Resultado disso é o dito “presidencialismo de coalizão”, em que o
governante de turno precisa montar uma maioria parlamentar à base de
muitas negociações, nas quais se recorre ao fisiologismo e à corrupção
pura e simples. O que mais assusta na frase de Toffoli, no entanto, não é
a menção à solução fora de lugar representada pelo
semipresidencialismo, mas a um papel que o Supremo concedeu a si mesmo
ao arrepio de qualquer previsão legal.
Não
existe “poder moderador” de nenhum tipo no Brasil, e quem o afirma é o
próprio Supremo. Em 2020, a corte havia sido chamada a esclarecer o
papel das Forças Armadas na ordem institucional brasileira, e em liminar
o ministro Luiz Fux (hoje presidente da corte) afirmou expressamente
que “inexiste no sistema constitucional brasileiro a função de garante
ou de poder moderador: para a defesa de um poder sobre os demais a
Constituição instituiu o pétreo princípio da separação de poderes e seus
mecanismos de realização. O conceito de poder moderador, fundado nas
teses de Benjamin Constant sobre a quadripartição dos poderes, foi
adotado apenas na Constituição Imperial outorgada em 1824. Na
conformação imperial, esse quarto Poder encontrava-se em posição
privilegiada em relação aos demais, a eles não se submetendo. No
entanto, nenhuma Constituição republicana, a começar pela de 1891,
instituiu o Poder Moderador. Seguindo essa mesma linha e inspirada no
modelo tripartite, a Constituição de 1988 adotou o princípio da
separação de poderes, que impõe a cada um deles comedimento,
autolimitação e defesa contra o arbítrio, o que apenas se obtém a partir
da interação de um Poder com os demais, por meio dos mecanismos
institucionais de checks and balances [freios e contrapesos]

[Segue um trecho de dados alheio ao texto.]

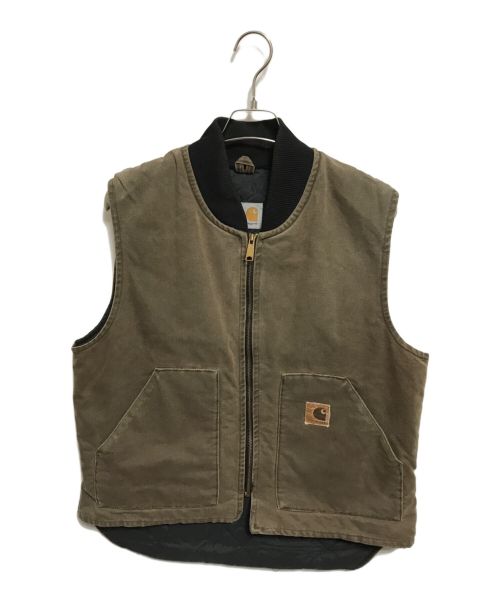 CarHartt（カーハート）CarHartt (カーハート) ダックベスト ブラウン×ブラック サイズ:下記参照の古着・服飾アイテム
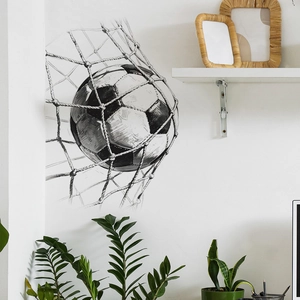 Creative soccer goal net wall sticker for home bedroom and living room decor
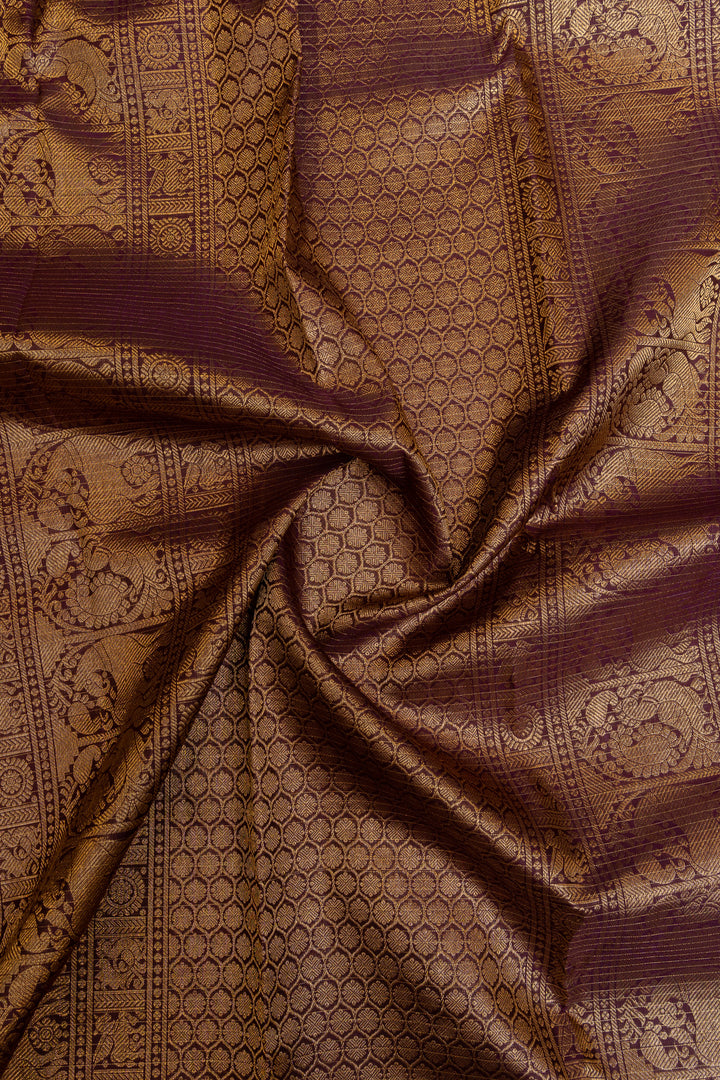 Mauve Zari checks pure Kanchipuram silk saree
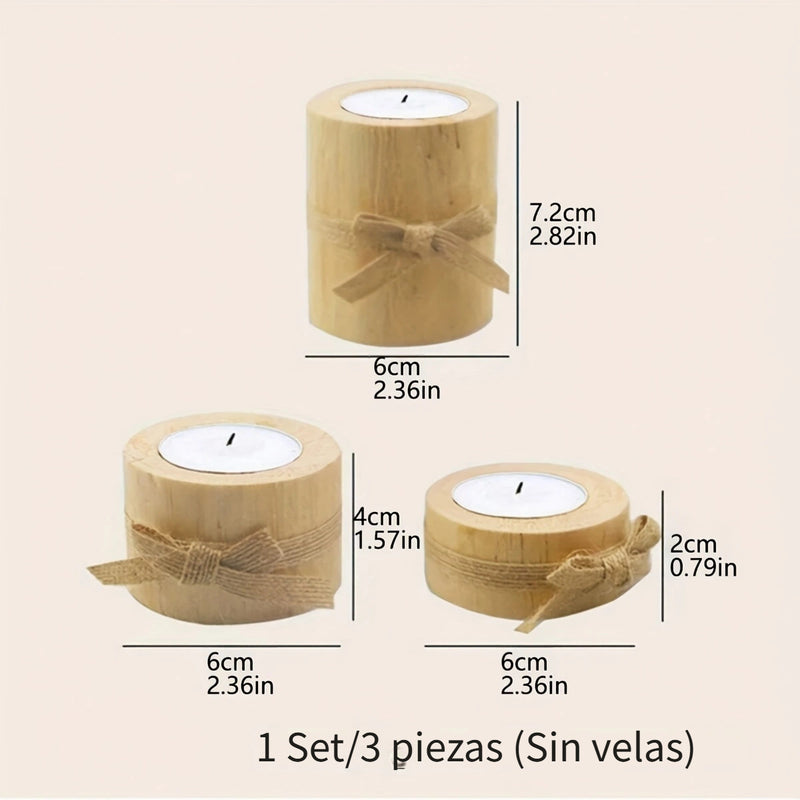 Juego de 3 Portavelas de Madera Pulida Hechos a Mano - Velas de Madera Rústica para Decoración de Fiestas y Cenas a la Luz de Velas en Casa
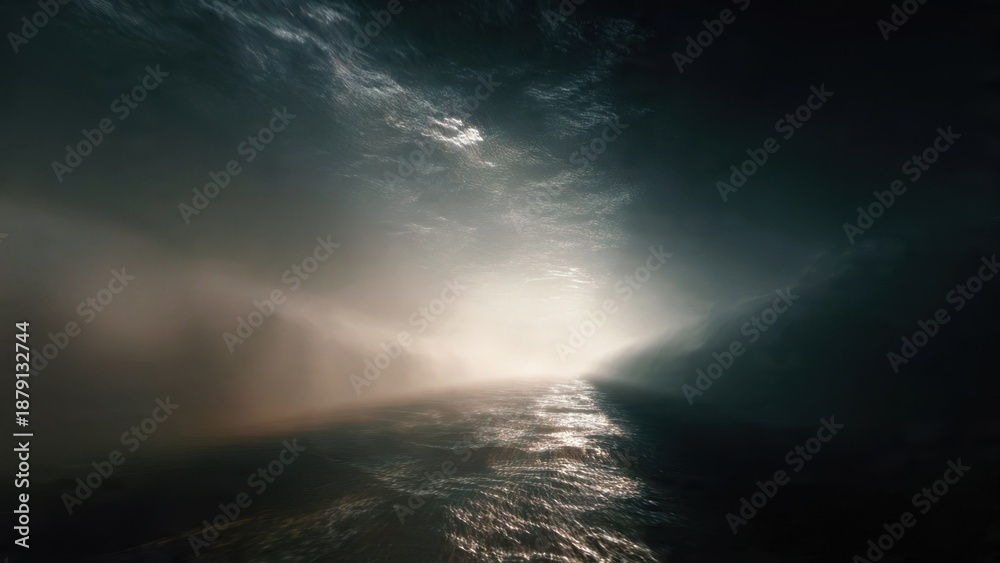 Fototapeta premium Stormy sea at night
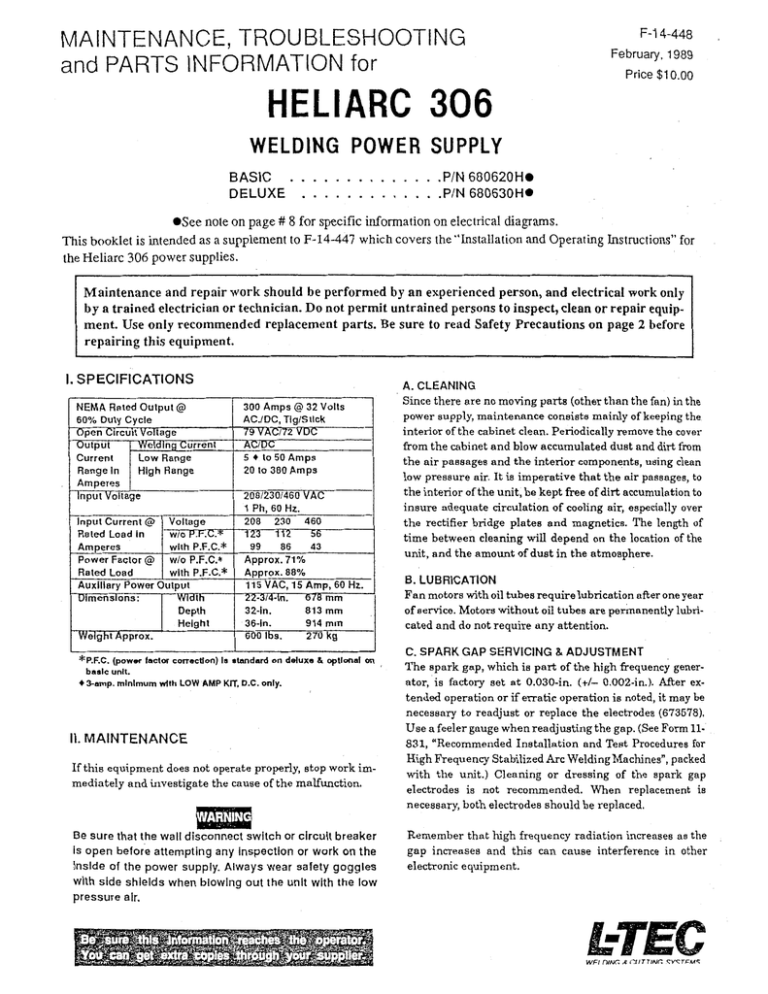 Esab Heliarc 306 Welding Power Supply User Manual Manualzz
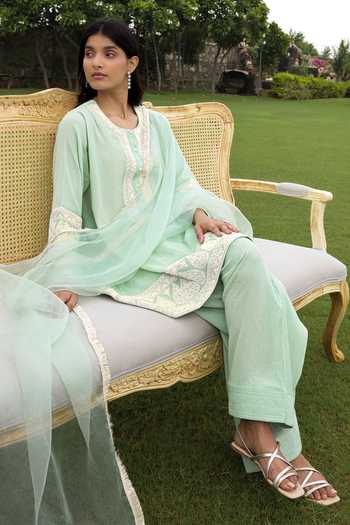 Buy Charu Makkar Green Chanderi, Organza Round Neck Gia Embroidered Kurta Farshi Salwar Set Online at Aza Fashions Buy_Charu Makkar_Green Chanderi, Organza Round Neck Gia Embroidered Kurta Farshi Salwar Set _Online_at_Aza_Fashions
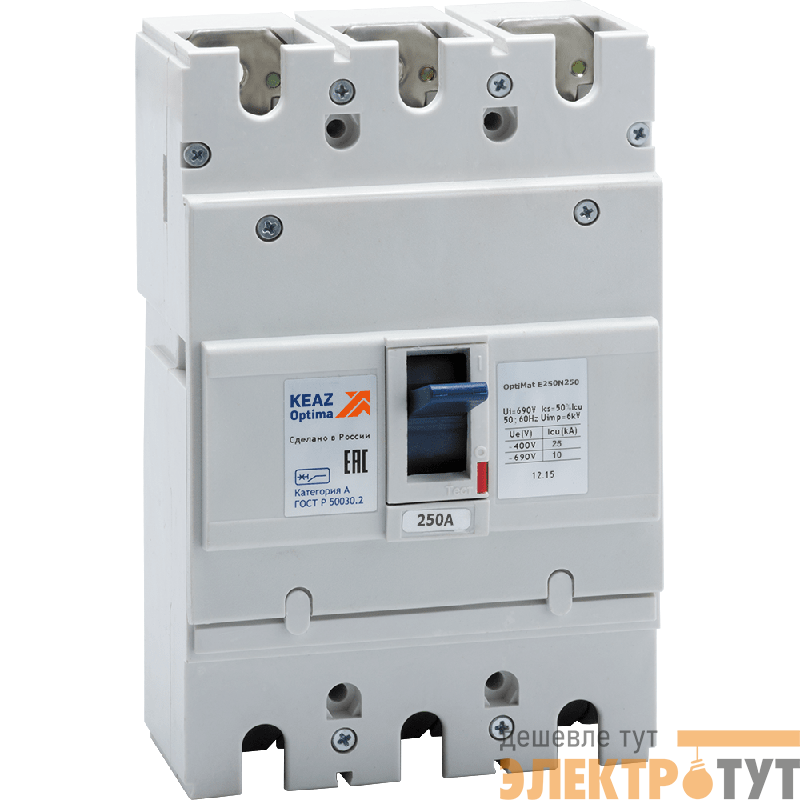 Выключатель автоматический 3п 250А 18кА OptiMat E250L250 УХЛ3 КЭАЗ 100012
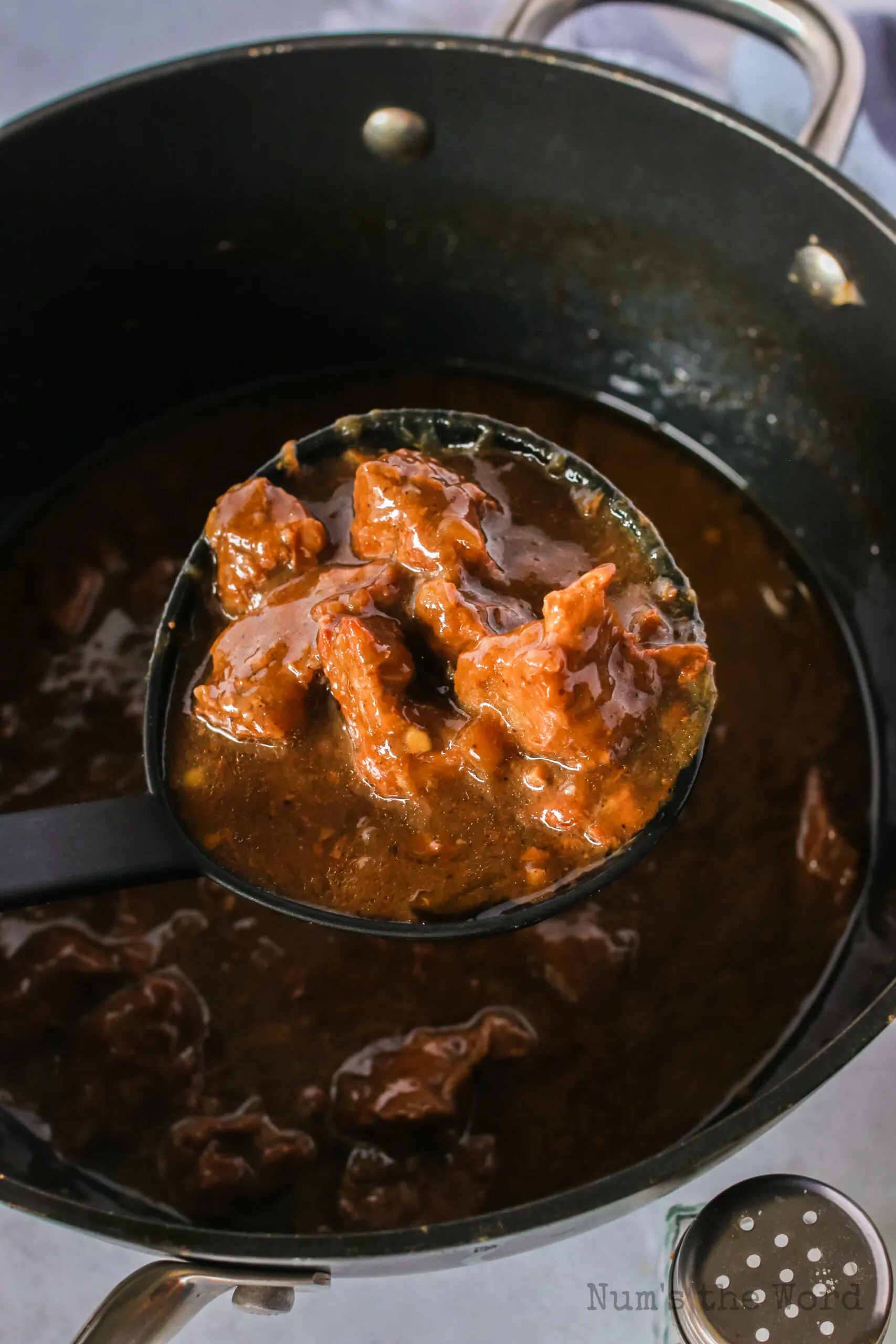 spoonful of beef tips with gravy in pot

expressamente previstos na Constituição”.
Mais
adiante, na mesma liminar, Fux afirma que “considerar as Forças Armadas
como um ‘poder moderador’ significaria considerar o Poder Executivo um
superpoder, acima dos demais”; ora, se é assim, não estaria Toffoli
querendo fazer do Supremo esse “superpoder, acima dos demais”? E podemos
perguntar mais ainda: não estaria o STF realmente agindo desta forma,
acima dos demais poderes e acima das próprias leis, extrapolando
completamente o seu papel de guardião e intérprete da Constituição
Federal?
O
passado recente bem demonstra a que ponto o Supremo se arrogou o papel
de “superpoder”. Não bastando as inúmeras e constantes interferências
nas funções dos poderes Executivo e Legislativo, a corte vem rasgando a
Constituição e as leis ao promover um apagão da liberdade de expressão
no Brasil, instaurar inquéritos abusivos nos quais o devido processo
legal é ignorado, criar crimes sem previsão legal (como na recente
equiparação da homofobia ao racismo), anular processos e decisões
judiciais realizadas em completo respeito às leis penais e processuais, e
inventar suspeições. Como afirmamos neste espaço em março de 2021,
“quando a Constituição, a lei, a jurisprudência, os princípios legais e a
coisa julgada são ignorados, entra em ação o voluntarismo. Já não
existe uma única Constituição, mas tantas Constituições quanto
magistrados. Já não existe jurisprudência, mas apenas as convicções e as
conveniências de cada julgador. E, no Brasil atual, poucas instituições
têm representado esse caos judicial de forma tão intensa quanto aquela
que deveria ser a principal guardiã da Carta Magna e da segurança
jurídica”.
A
confissão de Toffoli pode fazer corar Montesquieu, o grande teórico
iluminista da tripartição de poderes, mas já fora prevista muitos
séculos antes pelo poeta romano Juvenal, que nas suas Sátiras
questionava: quis custodiet ipsos custodes?, o que poderia ser traduzido
como “quem vigia os vigilantes?”, ou “quem guardará os guardiões?”. Sem
os limites que o bom uso dos freios e contrapesos traria, a tendência
dos ministros do Supremo é realmente se tornarem um superpoder que
decide como bem entende, sem ter de prestar contas a ninguém. E então a
ressalva de que “presidir o Brasil não é fácil” soa ainda mais
sarcástica, já que agir como um superpoder, decidindo como se bem
entender, sem precisar negociar nada com ninguém ou sem prestar atenção a
lei alguma, é a coisa mais fácil que há.